## Exercise aim
A verbatim copy of the full data, with no pictures, is the expected answer.

START Listed entries

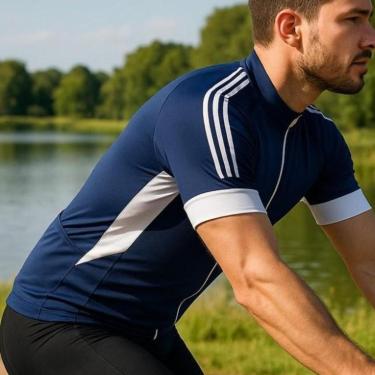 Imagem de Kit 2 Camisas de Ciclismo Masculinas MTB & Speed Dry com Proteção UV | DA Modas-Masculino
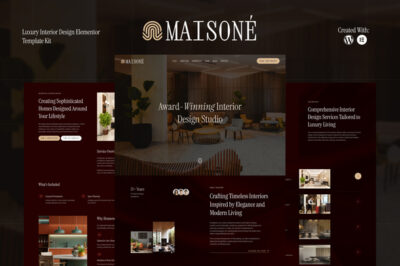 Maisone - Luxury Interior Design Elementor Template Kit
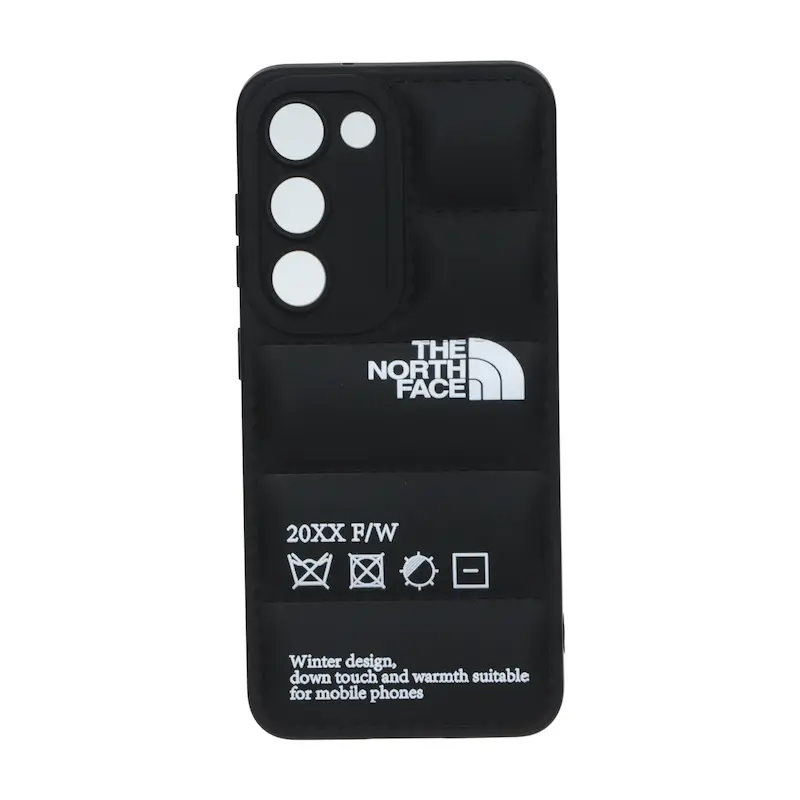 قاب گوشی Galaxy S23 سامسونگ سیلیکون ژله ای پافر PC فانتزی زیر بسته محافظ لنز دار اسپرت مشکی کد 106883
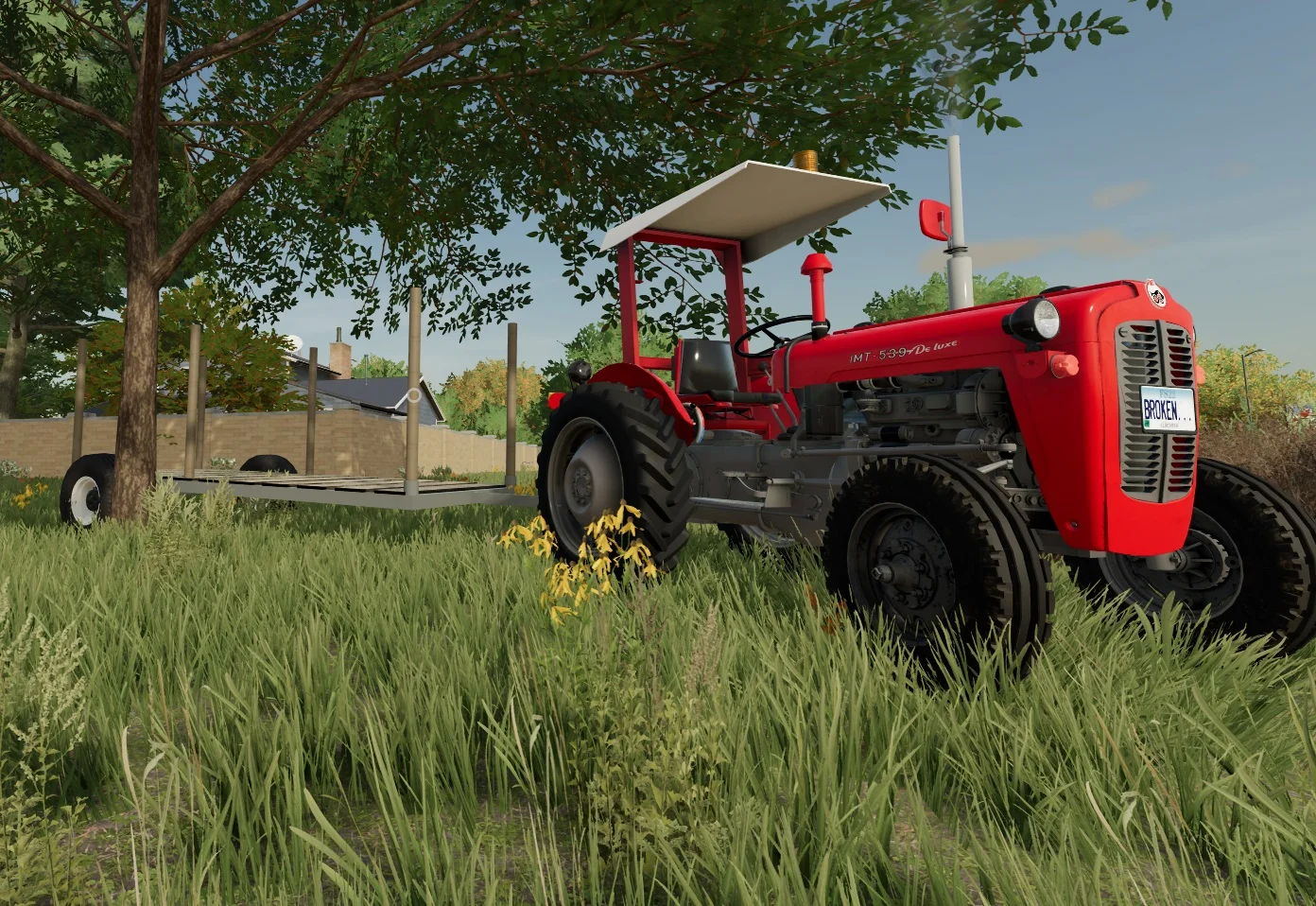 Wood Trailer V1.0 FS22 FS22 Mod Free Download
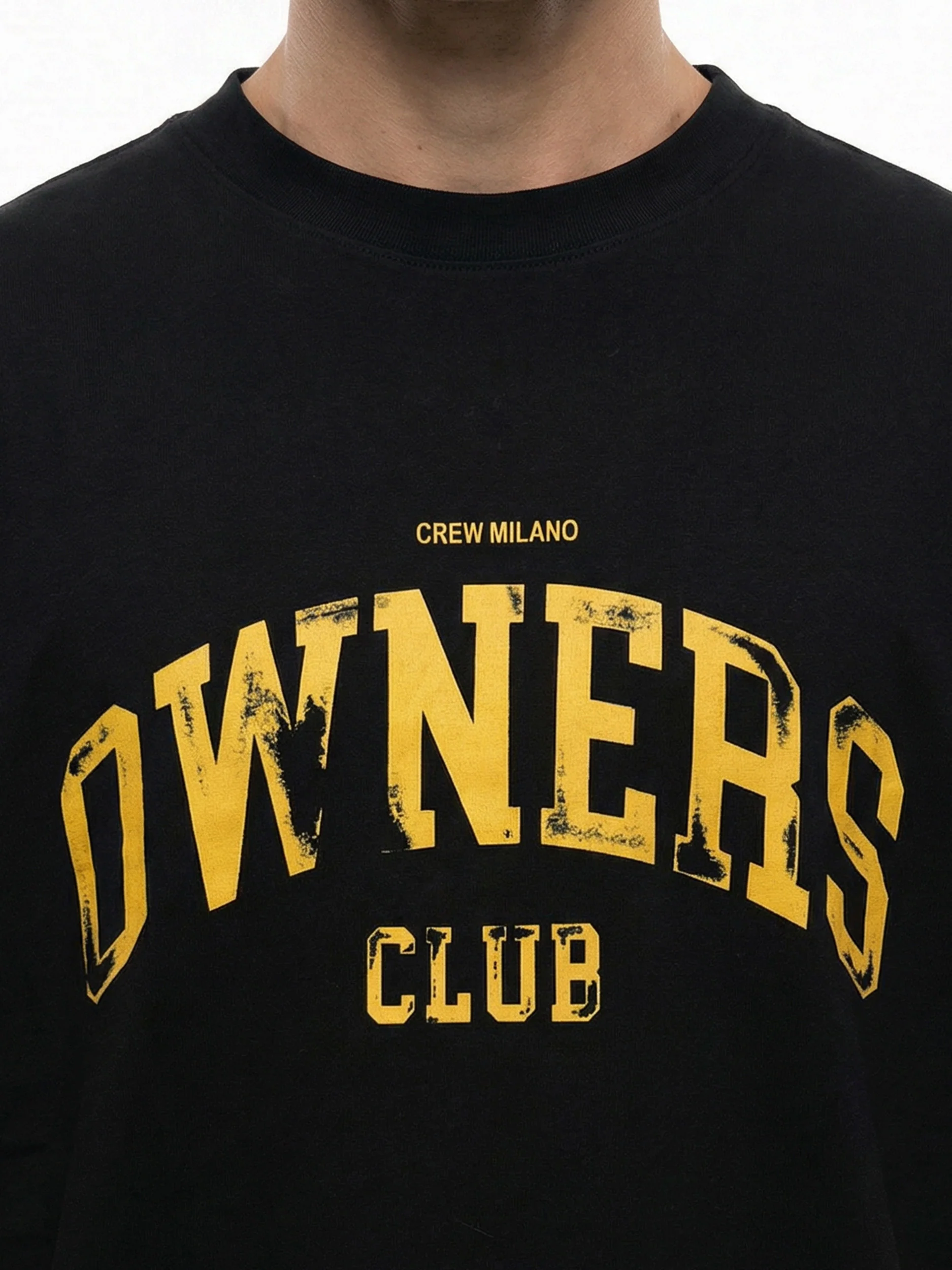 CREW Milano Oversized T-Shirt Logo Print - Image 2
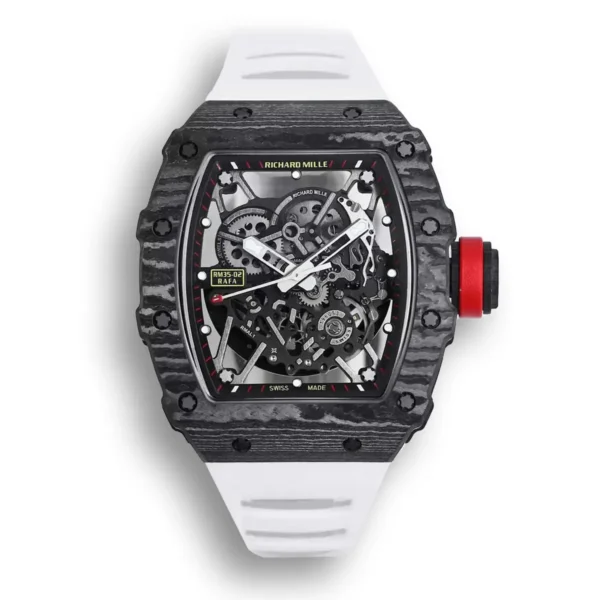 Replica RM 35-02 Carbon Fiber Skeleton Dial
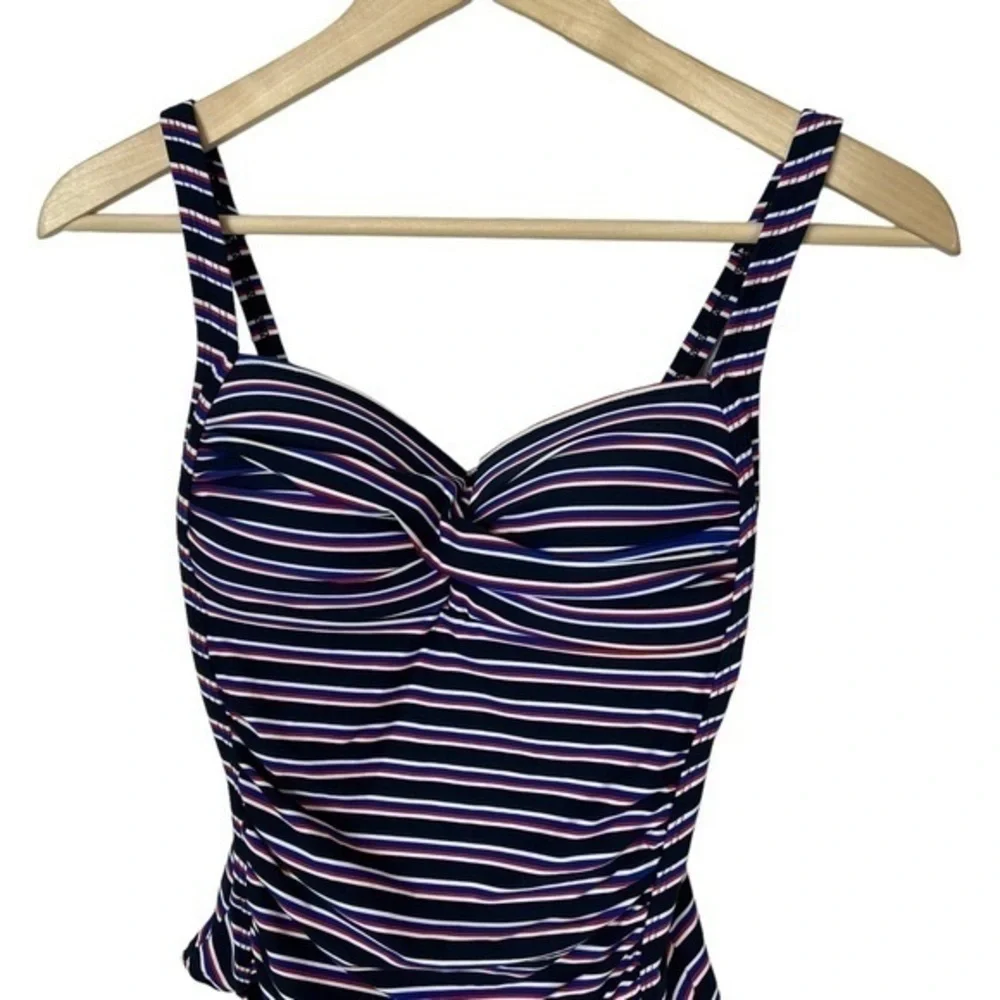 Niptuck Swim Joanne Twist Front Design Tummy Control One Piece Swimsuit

END Listed entries

## Written answer
 Imagem de Kit 2 Camisas de Ciclismo Masculinas MTB & Speed Dry com Proteção UV | DA Modas-Masculino
 Maisone - Luxury Interior Design Elementor Template Kit
 قاب گوشی Galaxy S23 سامسونگ سیلیکون ژله ای پافر PC فانتزی زیر بسته محافظ لنز دار اسپرت مشکی کد 106883
 Wood Trailer V1.0 FS22 FS22 Mod Free Download
 CREW Milano Oversized T-Shirt Logo Print - Image 2
 Replica RM 35-02 Carbon Fiber Skeleton Dial
 Niptuck Swim Joanne Twist Front Design Tummy Control One Piece Swimsuit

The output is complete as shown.